NYC-based gym Dogpound posted an Instagram video last week of the 23-year-old Dutch-born fitness buff demoing the Romanian deadlift—or as Dogpound dubs it in the caption, the “Romee-nian” deadlift.
You can check out the move, via @dogpound, here:
The Romanian deadlift is a “very classic hinge movement and accessible exercise,” Mark DiSalvo, NYC-based certified strength and conditioning specialist, tells SELF. “It can be difficult at first, but once you’re past the early learning curve, it’s an exercise people look forward to doing.”
The Romanian deadlift targets your posterior chain, or the muscles on the backside of your body.

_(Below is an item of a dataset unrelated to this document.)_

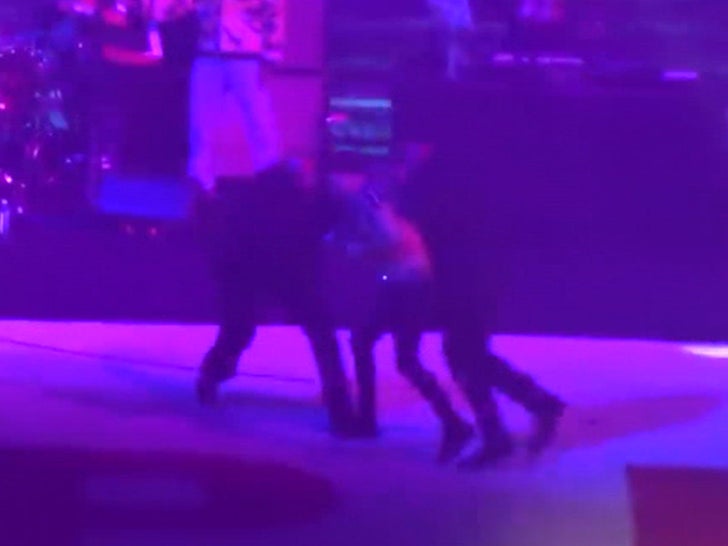 Justin Bieber Fan Rushes Stage While He Performs at Jingle Bell Ball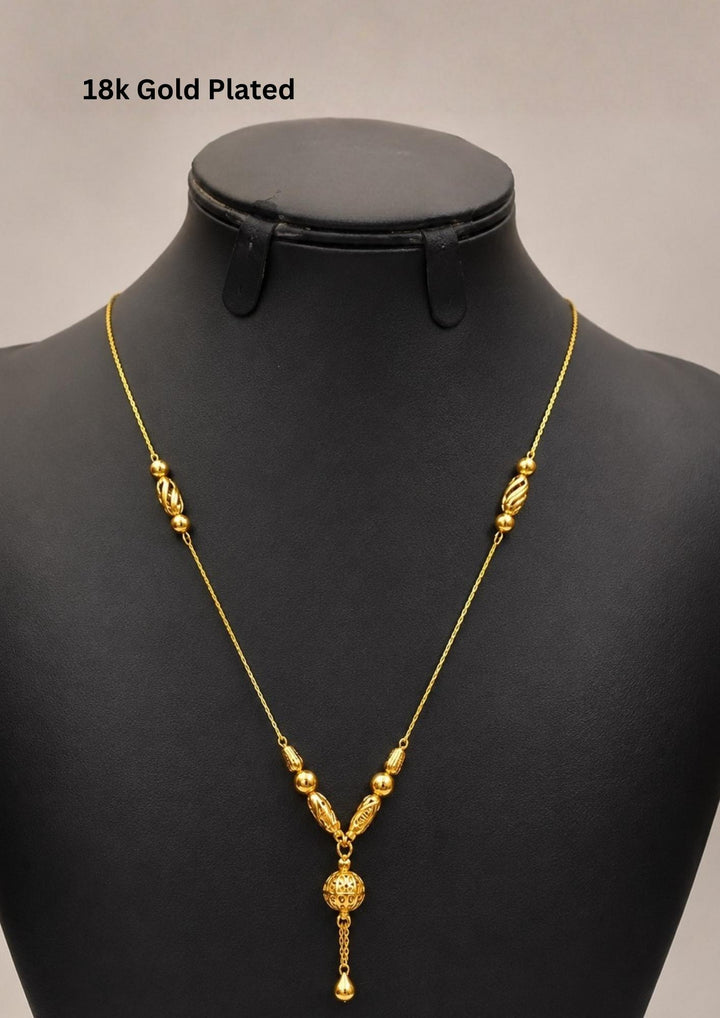 Elegant 18K gold plated necklace featuring textured designer beads and a beautifully crafted spherical drop pendant with a delicate dangling charm. Lightweight and ideal for everyday elegance.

Compared to a regular deadlift, which involves a deep bend at the knees and driving with the quads, this type of deadlift, sometimes referred to as the "stiff-leg deadlift," “works the entire posterior chain, or the backside of your body, from your calves to your hamstrings, back, glutes, and spine,” Stephanie Mansour, Chicago-based certified personal trainer, tells SELF.
This posterior activation comes from bending the knees slightly and then fixing your body in place as your hips slowly hinge forward to drive the movement, DiSalvo explains. “By keeping your entire body as stiff as a board while your hips are the only part driving the movement, you are really loading up the hamstrings,” says DiSalvo. The point of the stiff-leg stance (which in reality involves a slight knee bend—more on that below) is to take “a lot of the other muscles out of the equation.”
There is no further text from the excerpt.